By Ahmed Mohamed Hassan and Michael Georgy
Investigators of the Russian plane crash in Egypt are “90 percent sure” the noise heard in the final second of a cockpit recording was an explosion caused by a bomb, a member of the investigation team told Reuters on Sunday.
The Airbus A321 crashed 23 minutes after taking off from the Sharm al-Sheikh tourist resort eight days ago, killing all 224 passengers and crew. Islamic State militants fighting Egyptian security forces in Sinai said they brought it down.
“The indications and analysis so far of the sound on the black box indicate it was a bomb,” said the Egyptian investigation team member, who asked not to be named due to sensitivities. “We are 90 percent sure it was a bomb.”
His comments reflect a higher degree of certainty about the cause of the crash than the investigation committee has so far declared in public.
Lead investigator Ayman al-Muqaddam announced on Saturday that the plane appeared to have broken up in mid-air while it was being flown on auto-pilot, and that a noise had been heard in the last second of the cockpit recording. But he said it was too soon to draw conclusions about why the plane crashed.
Confirmation that militants brought down the airliner could have a devastating impact on Egypt’s lucrative tourist industry, which has suffered from years of political turmoil and was hit last week when Russia, Turkey and several European countries suspended flights to Sharm al-Sheikh and other destinations.
It could also mark a new strategy by the hardline Islamic State group which holds large parts of Syria and Iraq.
Asked to explain the remaining 10 percent margin of doubt, the investigator declined to elaborate, but Muqaddam cited other possibilities on Saturday including a fuel explosion, metal fatigue in the plane or lithium batteries overheating.
He said debris was scattered over a 13-km (8-mile) area “which is consistent with an in-flight break-up”.
“What happened in Sharm al-Sheikh last week, and to a lesser extent with the … (Germanwings) aircraft, are game changers for our industry,” Emirates Airlines President Tim Clark said, referring to the crash of a Germanwings airliner in the French Alps in March, believed crashed deliberately by its co-pilot.
“They have to be addressed at industry level because no doubt the countries — U.S., Europe — I would think will make some fairly stringent, draconian demands on the way aviation works with security,” he said at the Dubai Airshow.
Clark said he had ordered a security review but was not suspending any flights as a result of the disaster.

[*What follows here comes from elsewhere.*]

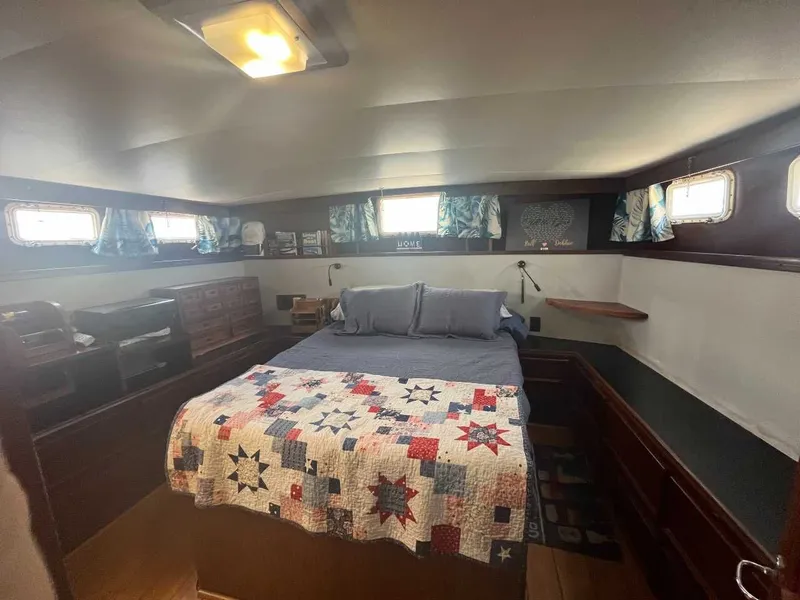 Slide: The Image of Hatteras 42 Long Range Cruiser 1980 - 13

Emirates does not operate regular flights to Sharm al-Sheikh.
British Foreign Secretary Philip Hammond also said the incident could lead to changes in flight security.

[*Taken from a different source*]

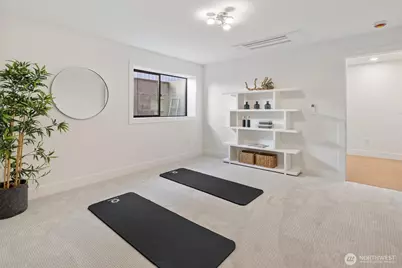 2515 35th Avenue W, Seattle, WA 98199 - Photo 16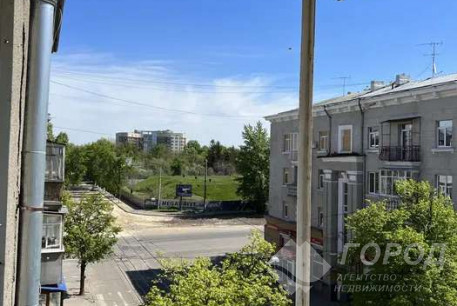 Продам 2-х кімнатну квартиру, Центр, Код: 700965/2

“If this turns out to be a device planted by an ISIL operative or by somebody inspired by ISIL, then clearly we will have to look again at the level of security we expect to see in airports in areas where ISIL is active,” Hammond told the BBC.
Islamic State, which wants to establish a caliphate in the Middle East, is also called ISIS or ISIL.
Islamic State militants fighting security forces in Egypt’s Sinai Peninsula have said they brought down the aircraft as revenge for Russian air strikes against Islamist fighters in Syria. They said they would eventually tell the world how they carried out the attack.
If the group was responsible, it would have carried out one of the highest profile killings since al Qaeda flew passenger planes into New York’s World Trade Center in September 2001.
Russia has sent specialists to conduct a safety audit of Egypt’s airports and to provide recommendations on additional measures, Arkady Dvorkovich, deputy prime minister, was quoted as saying by Russian agencies.
Dvorkovich, the head of a government group created on Friday to deal with suspended flights to Egypt, added a second group was going to Egypt on Sunday and a third would be sent later.